Vast glaciers result in the Hindu Kush Himalaya (HKH) region – that is home to the world’s highest peaks topped by Mount Everest and K2 – a “third pole” behind Antarctica also, the Arctic region, the trainer told us.
“This is the climate crisis you haven’t heard of,” said Philippus Wester, who led the report.
“Our planets atmosphere is on the right track to transform the frigid, glacier-covered mountain peaks from the HKH cutting across eight countries to reveal rocks from a little one century,” said Wester of the International Centre for Integrated Mountain Development (ICIMOD).
The report, by 210 authors, testified that more than a third from the ice nearby will melt by 2100 even if governments take tough action to limit java prices under the 2019 Paris climate agreement.
And two-thirds in the ice could vanish if governments do not rein in greenhouse gas emissions this century. “In my opinion this is the biggest worrying thing,” Wester told Reuters on the sidelines of each event to produce the report in Kathmandu.
Glaciers have thinned and retreated across most the different parts of the region considering that the 1970s. A melt would push up sea levels but ICIMOD said the exact amount was unknown.
MOUNTAIN CLIMATE HOTSPOTS
The region stretches 3,500 km (2,175 miles) across Afghanistan, Bangladesh, Bhutan, China, India, Myanmar, Nepal and Pakistan.
The study said the thaw will disrupt rivers which includes the Yangtze, Mekong, Indus and Ganges, where farmers depend on glacier melt water during the dry season.

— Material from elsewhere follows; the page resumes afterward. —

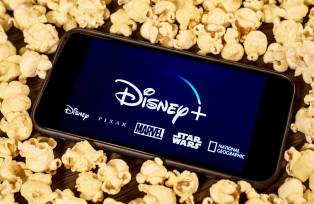 Celular com o aplicativo do Disney+ envolto de pipocas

About 250 million people live in the mountains and 1.65 billion persons in river valleys below.
Changes in river flows also can harm hydropower production and cause more erosion and landslides backwoods.
But more scientific studies are needed to gauge exactly how glaciers affect distant crops, said Wouter Buytaert, of Imperial College within, who was not mixed up in study.
“While glacier meltwater propagates downstream, it mixes with water company sources which include direct rainfall, wetlands, and groundwater, up to and including point the spot where the impact of glacier melting becomes negligible,” he stated.
The authors revealed that people surviving in small island states were often known as the most at risk from climate change resulting from rising sea levels.
“It’s but not only occupants from the world’s islands who suffer,” said Dasho Rinzin Dorji, an ICIMOD board member from Bhutan. He stated in a statement that mountain regions were also extremely vulnerable as “climate hotspots”.